Every line from the one containing "STABILE/PALAZZO in affitto a Roma, Trieste" through the end of the listing below must be given again exactly, and nothing else; exclude pictures.

The data »

■ ■ ■ ■ ■ ■ ■

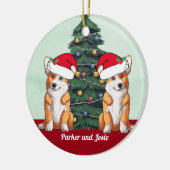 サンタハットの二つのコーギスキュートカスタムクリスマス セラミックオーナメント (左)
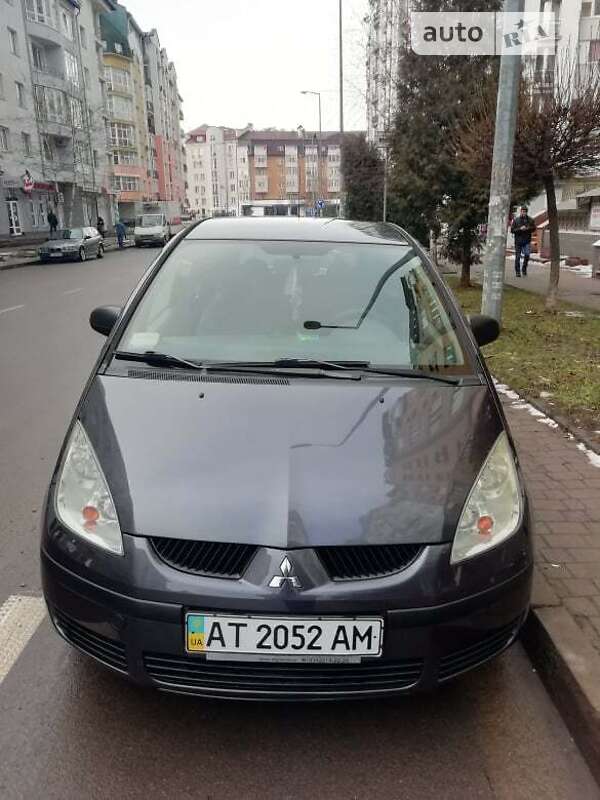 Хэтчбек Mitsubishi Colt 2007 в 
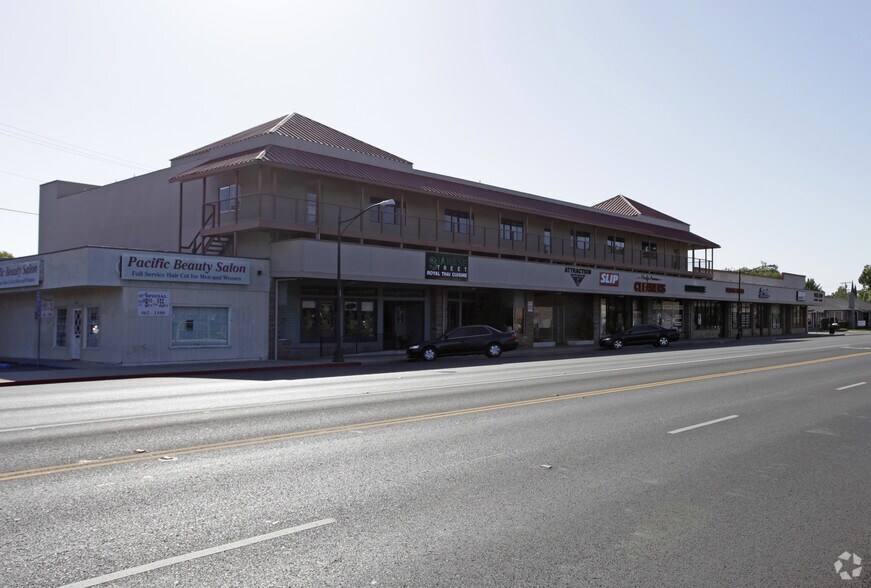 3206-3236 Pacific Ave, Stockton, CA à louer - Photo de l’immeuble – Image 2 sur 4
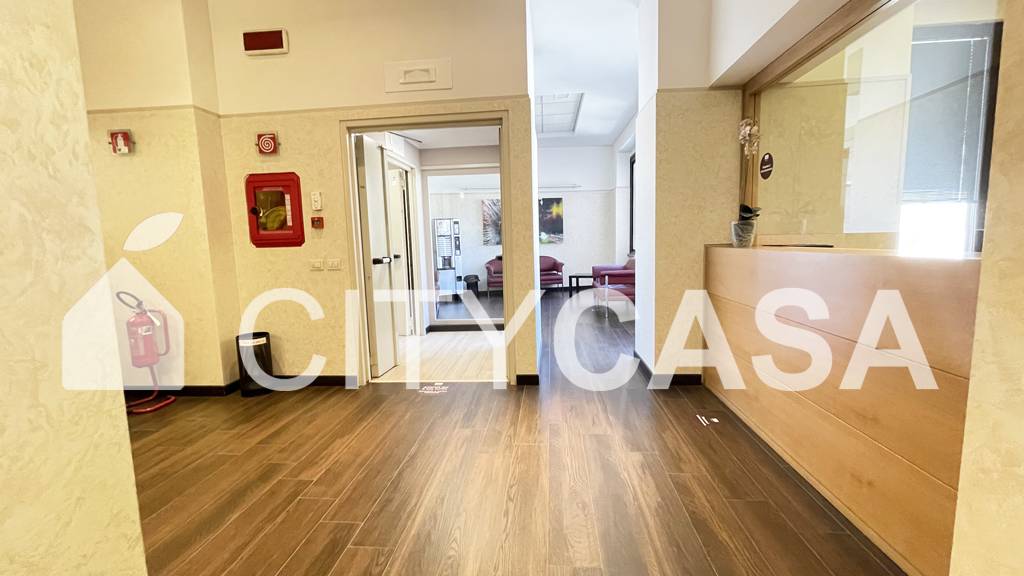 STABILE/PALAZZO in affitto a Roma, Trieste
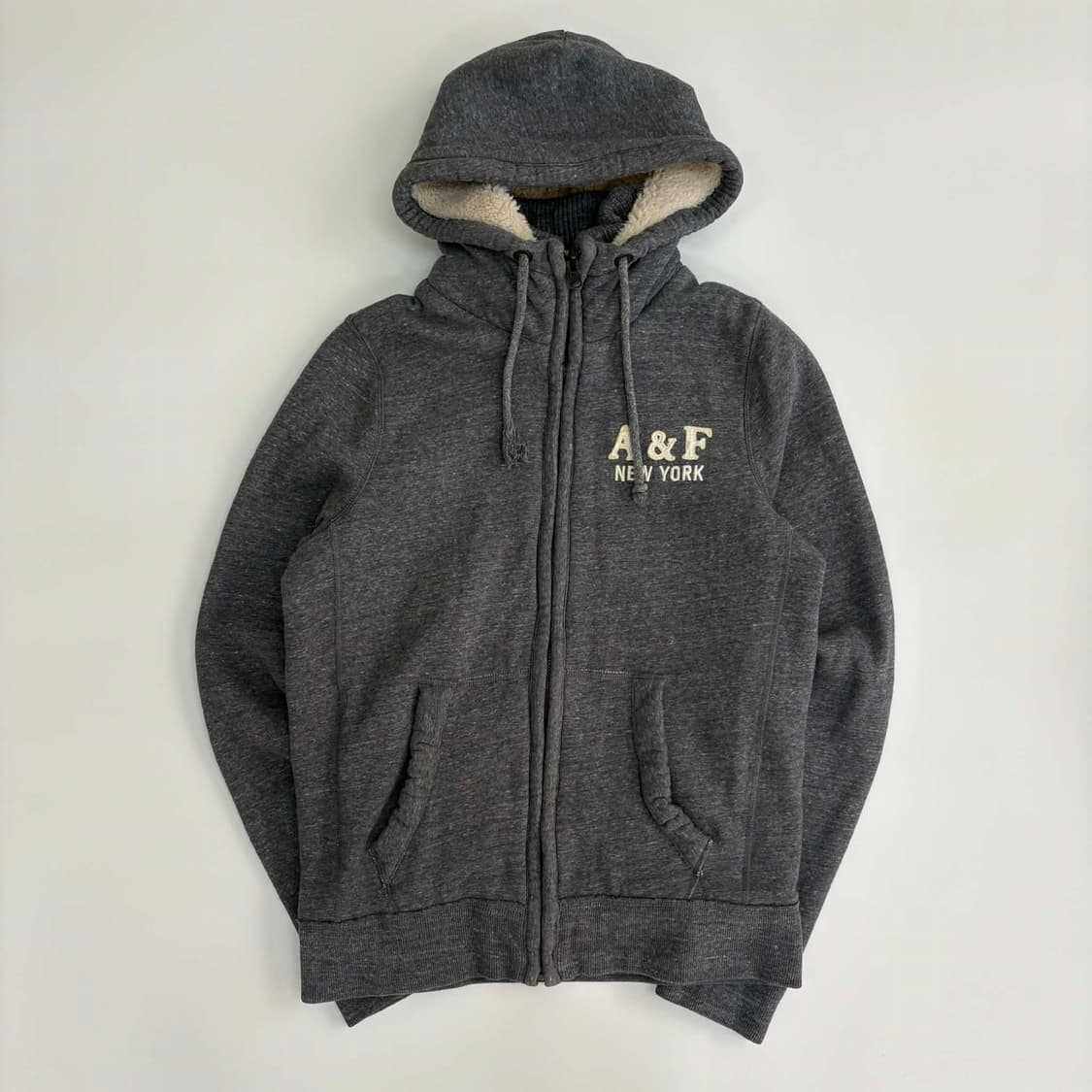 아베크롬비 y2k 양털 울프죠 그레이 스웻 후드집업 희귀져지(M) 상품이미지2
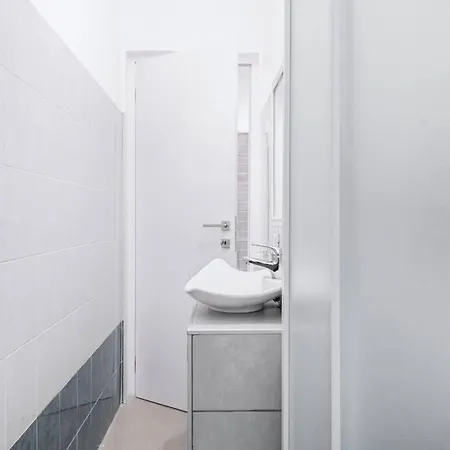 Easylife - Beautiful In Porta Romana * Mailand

■ ■ ■ ■ ■ ■ ■

Your response »
 STABILE/PALAZZO in affitto a Roma, Trieste
 아베크롬비 y2k 양털 울프죠 그레이 스웻 후드집업 희귀져지(M) 상품이미지2
 Easylife - Beautiful In Porta Romana * Mailand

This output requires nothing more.